Today I went to pick up the turkey, and was waited on by the woman who had taken my order over the phone. It was only 3.5 kg, even though my order was attached. What had happened? “I guess the boss told them it would be okay.” Both my home and cell phone numbers were on the order form, so I could have been consulted, and no, it was not okay. Did they have a turkey of the size I wanted? Of course not—just a 6 kg one.

The butcher I’d dealt with at Thanksgiving got involved, and he gave me a serious price break, so I ended up taking the big one. I know that the third time is a charm, but it’s just as well that there’s no third American holiday involving turkey. I don’t think the butcher would survive. 

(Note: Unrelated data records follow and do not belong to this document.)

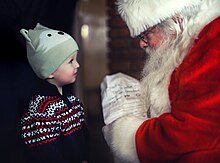 A young boy looks at Santa Claus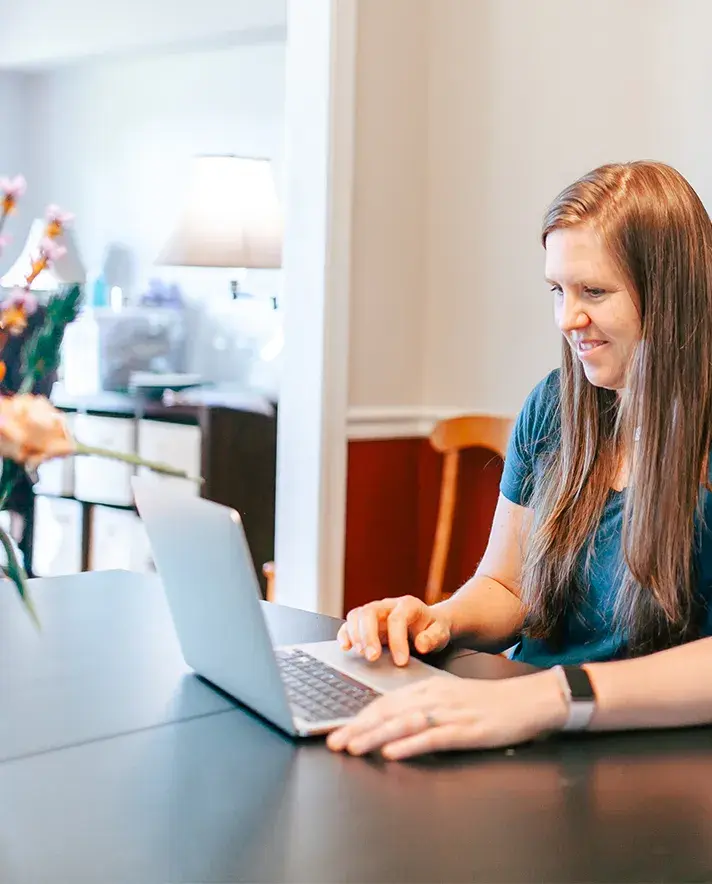 Image of someone sitting at a computer.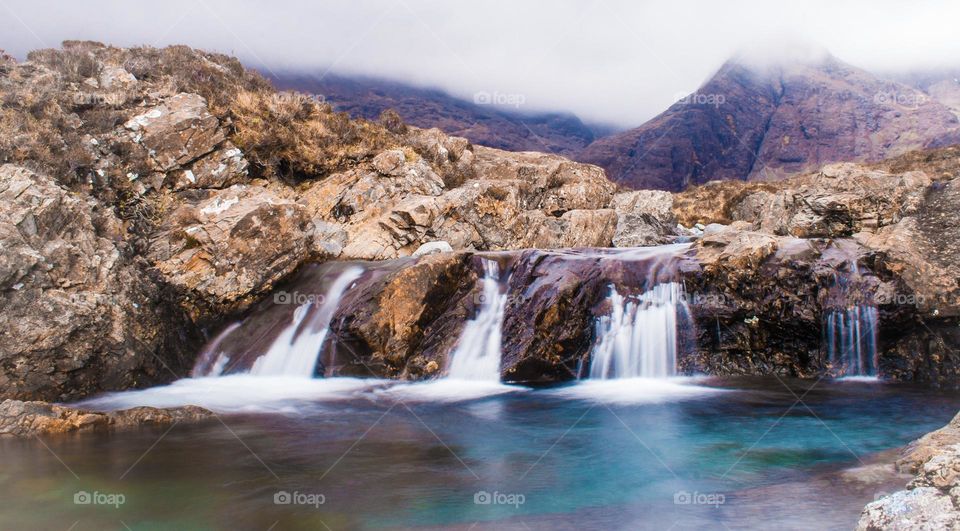 Cascades at the Fairy Pools, Isle of Skye, Scotland on a misty day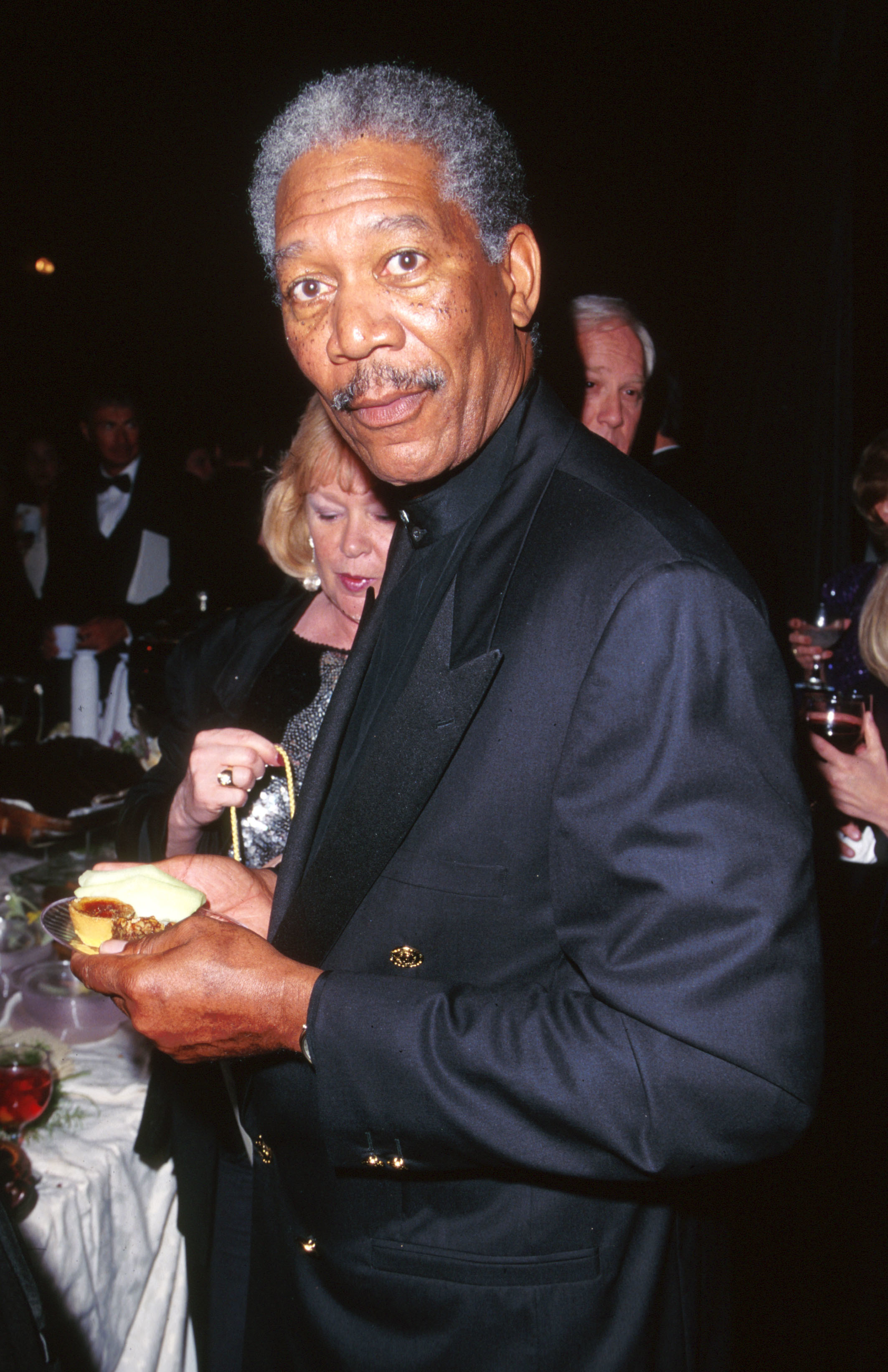 Close-up of Morgan in a suit and holding a small plate of food
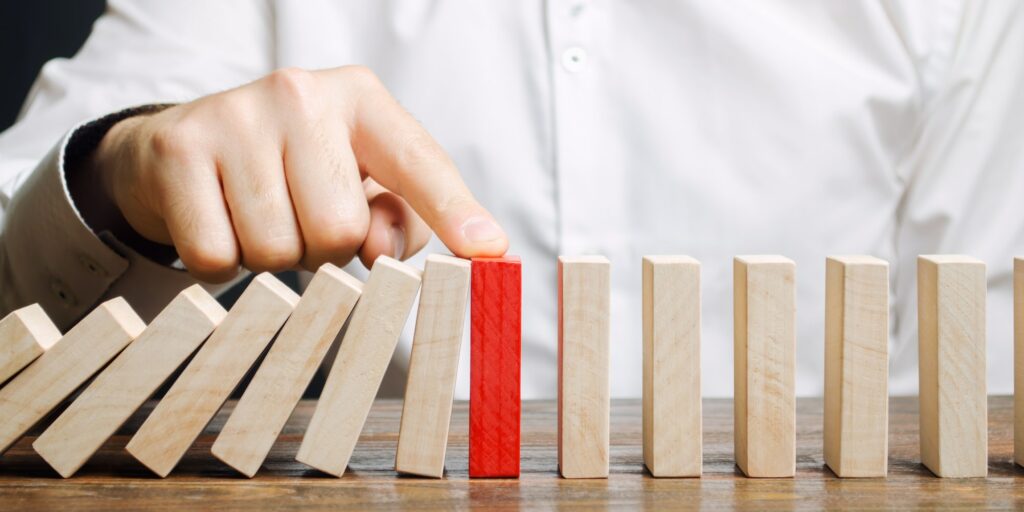 Businessman stops domino falling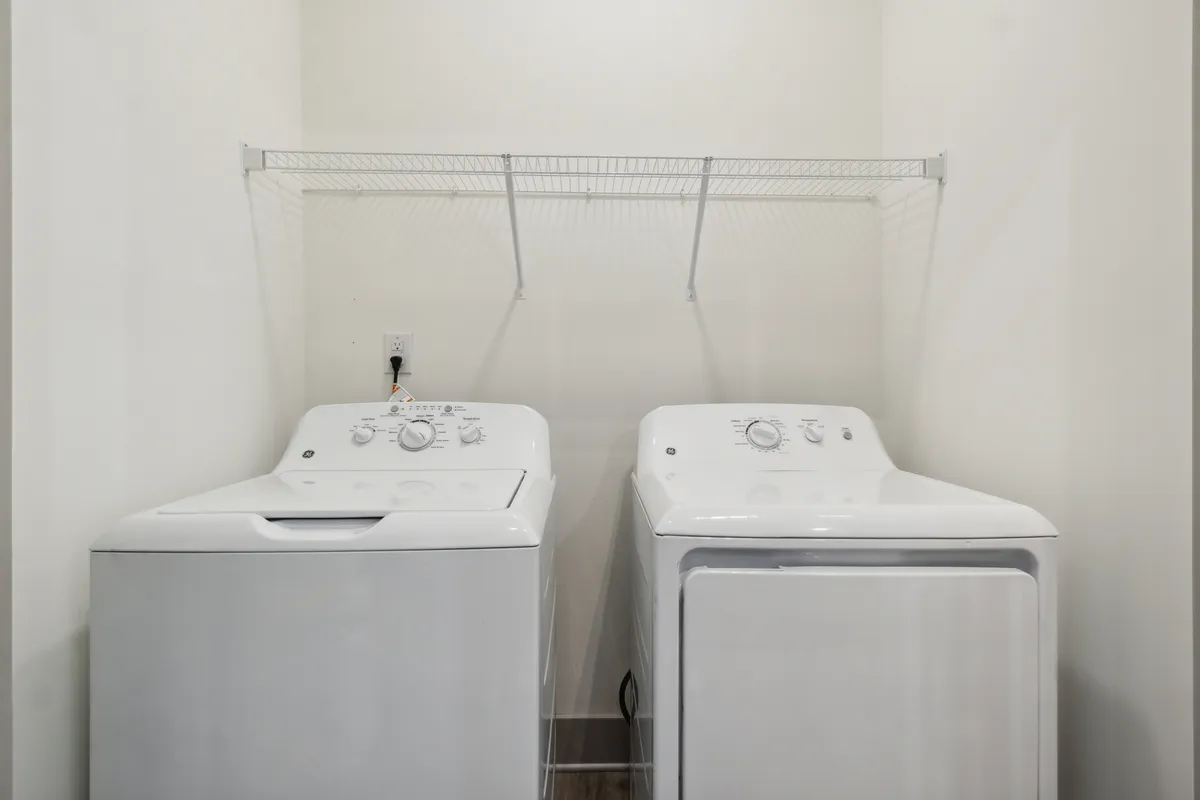 This image shows a dedicated laundry area equipped with a washing machine, drying machine, and a convenient shelf for organizing laundry supplies. The space is neat, practical, and well-lit, emphasizing modern convenience for day-to-day living.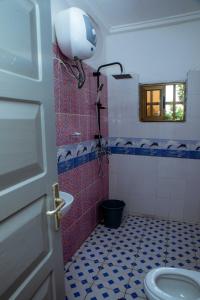 a bathroom with a toilet and a window and a door at Studio meublé R1 in Lomé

At least we have a turkey, and cranberries for the sauce. The only issue is dessert, and we’ve decided to skip the pies and do the New Zealand thing. Traditionalists serve fruitcake, and there are dozens of kinds to choose among, but my family won’t go for that. The other main choice is Pavlovas. They’re named after a petite Russian ballerina of the early 20th century, and they’re simply meringues topped with whipped cream and fruit. There’s some dispute whether they were invented in New Zealand or Australia (one of these days I’ll write an entry or six or eight on the rivalry between the two countries). We’re planning on the strawberry sort, and I hope by then we can find fruit that’s not crunchy.

In the meantime, we’re making a few traditional Christmas cookies. A family favorite is brownies topped with mint frosting and bitter chocolate. With a firm layer topped by two soft ones, it’s something like the slices so popular here. Today I went to the store to get ingredients. There was no spearmint extract, just peppermint, but I could live with that, since that was the original flavor before I amended it. What surprised me was the total lack of unsweetened baking chocolate—although that goes along with the huge New Zealand sweet tooth. I ended up getting some Lindt 85% dessert chocolate and adjusting the recipe. When I next get some algebra tutees, I’ll give them the problem I had to solve, of how much 85% to use and how much less sugar. They’ll be happy, I know.